- Dorothy Boyd and John Clements in the film
- Directed by: Michael Hankinson
- Written by: Margaret McDonnell Vera Allinson Michael Hankinson
- Produced by: Anthony Havelock-Allan
- Starring: Dorothy Boyd John Clements George Merritt Wally Patch
- Cinematography: Francis Carver
- Production company: British and Dominions
- Distributed by: Paramount British Pictures
- Release date: January 1936;
- Running time: 69 minutes
- Country: United Kingdom
- Language: English

= Ticket of Leave (film) =

Ticket of Leave is a 1936 British crime film directed by Michael Hankinson and starring Dorothy Boyd, John Clements and George Merritt. It was made as a quota quickie at British and Dominions Elstree Studios by the British subsidiary of Paramount Pictures. The title refers to the ticket of leave given to prisoners when they were released from jail.

==Plot==
Young ticket-of-leave man Lucky Fisher meets ex-chorus girl Lillian Waters, who intends to steal a valuable necklace from her society fiancé Sir Richard Groves, and forces her to take him on as her partner in crime. They steal the necklace and then decide to repent and quietly return it, leaving no-one the wiser.

==Cast==
- Dorothy Boyd as Lillian Walters
- John Clements as Lucky Fisher
- George Merritt as Inspector Black
- Max Kirby as Goodman
- Wally Patch as Sergeant Knott
- Enid Lindsey as Edith Groves
- J. Neil More as Sir Richard Groves
- Molly Hamley-Clifford as Old Rose

== Reception ==
The Monthly Film Bulletin wrote: "The sets are restricted, but the director handles his cameras and actors with reasonable pace of action. John Clements looks interesting on the screen, but George Merritt and Wally Patch, as police inspector and sergeant respectively, show that experience can do more than that even with less material."

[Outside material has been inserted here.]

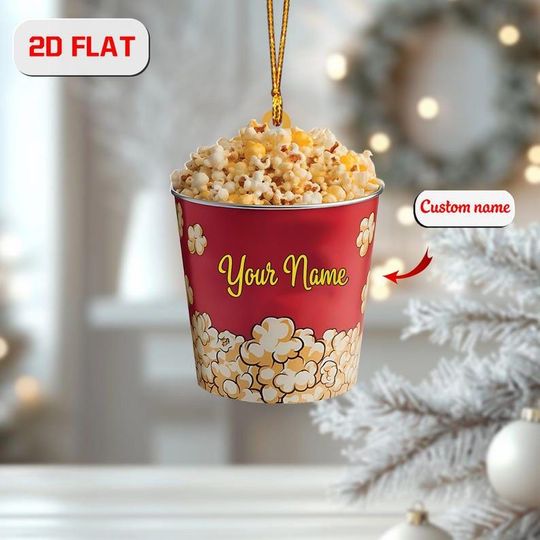Personalized Popcorn Christmas Ornament: 2D Printed Holiday Decor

Kine Weekly wrote: "This British essay in crime and romance is a poor, unimaginative job of work. The obvious plot is assembled in a very slipshod manner, and what little point there is is blunted by the wooddenness of the principal players. ... In this crime drama story values are the last consideration. There is plenty of comedy by-play, and much, opening and shutting of doors, but drama and suspense are conspicuously absent. The picture wears that hurried look; it appears to have been thrown together for one purpose only – quota."

The Daily Film Renter wrote: Unconvincing story of ticket-of-leave man's efforts to steal pearl necklace, aided by girl crook. Principal entertainment derives from clashings between two thieves, each anxious to outdo the other. Car chase climax infuses fair amount of excitement into concluding reel. John Clements gives smooth portrayal in lead, although miscast, while Wally Patch has neat study of sporting station sergeant."